== Supplied data ==

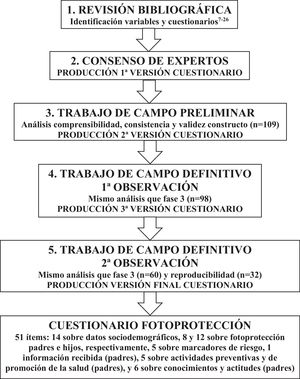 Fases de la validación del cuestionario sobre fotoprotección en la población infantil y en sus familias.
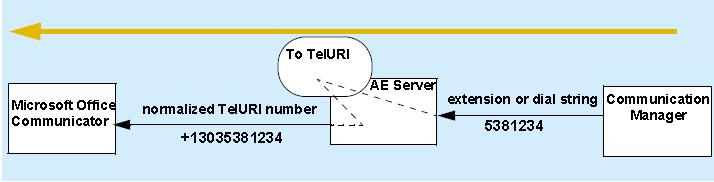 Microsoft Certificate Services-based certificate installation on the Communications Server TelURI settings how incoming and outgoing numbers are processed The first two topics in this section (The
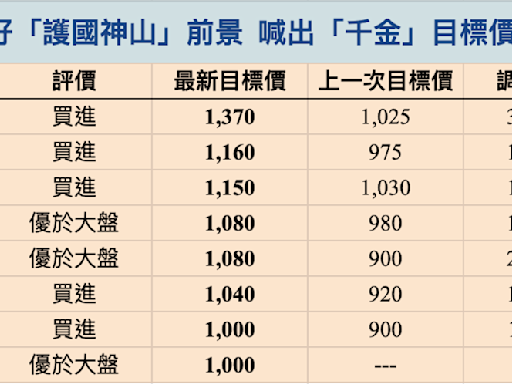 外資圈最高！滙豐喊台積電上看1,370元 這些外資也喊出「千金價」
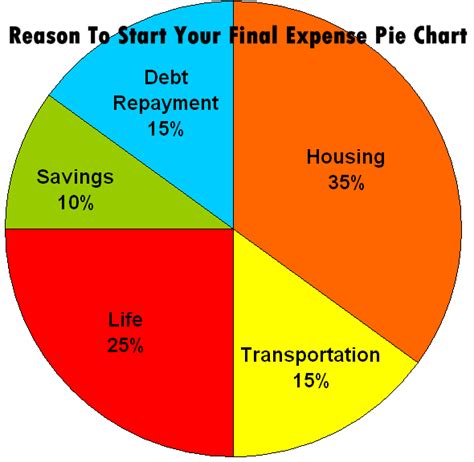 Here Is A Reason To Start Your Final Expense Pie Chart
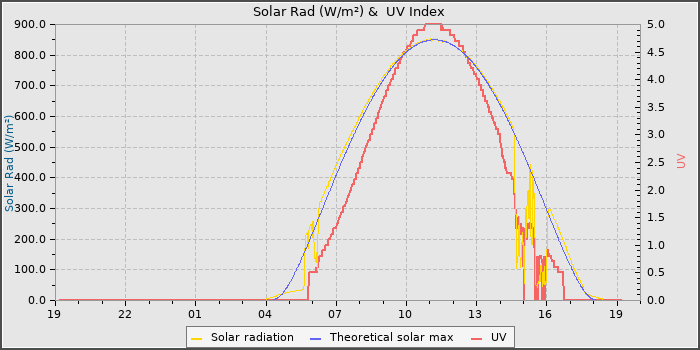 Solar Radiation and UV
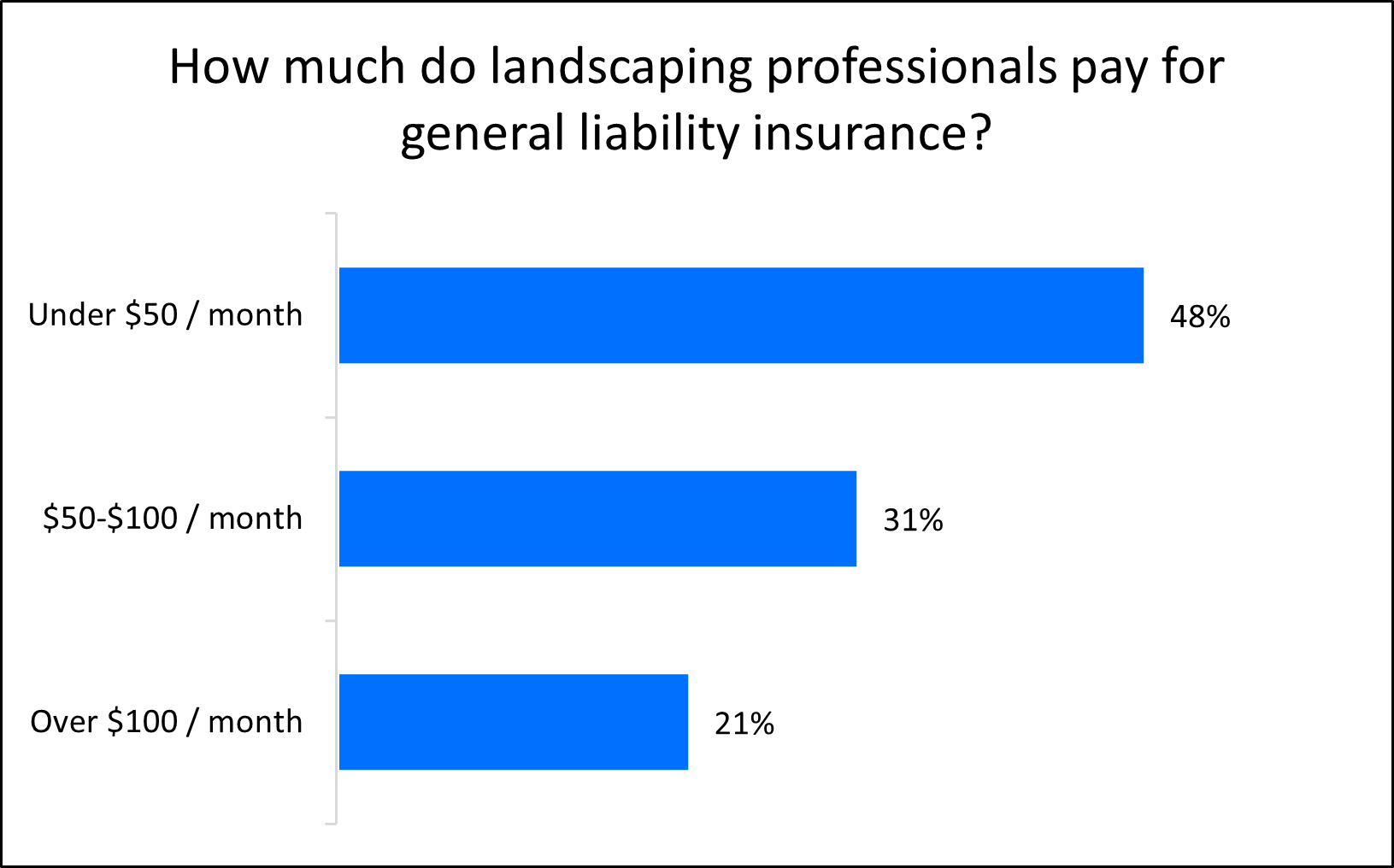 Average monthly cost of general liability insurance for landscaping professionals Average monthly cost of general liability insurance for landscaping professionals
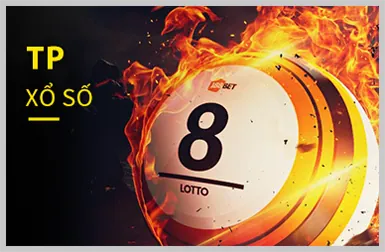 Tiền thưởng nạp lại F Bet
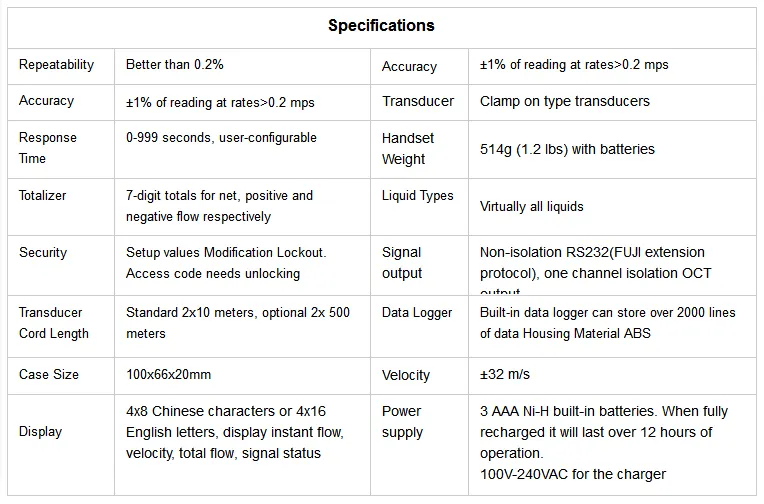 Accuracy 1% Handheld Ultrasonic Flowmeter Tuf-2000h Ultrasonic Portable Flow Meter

===

Exercise directions >> Output every record exactly, minus the pictures.

Expected output >>
 Fases de la validación del cuestionario sobre fotoprotección en la población infantil y en sus familias.
 Microsoft Certificate Services-based certificate installation on the Communications Server TelURI settings how incoming and outgoing numbers are processed The first two topics in this section (The
 外資圈最高！滙豐喊台積電上看1,370元 這些外資也喊出「千金價」
 Here Is A Reason To Start Your Final Expense Pie Chart
 Solar Radiation and UV
 Average monthly cost of general liability insurance for landscaping professionals Average monthly cost of general liability insurance for landscaping professionals
 Tiền thưởng nạp lại F Bet
 Accuracy 1% Handheld Ultrasonic Flowmeter Tuf-2000h Ultrasonic Portable Flow Meter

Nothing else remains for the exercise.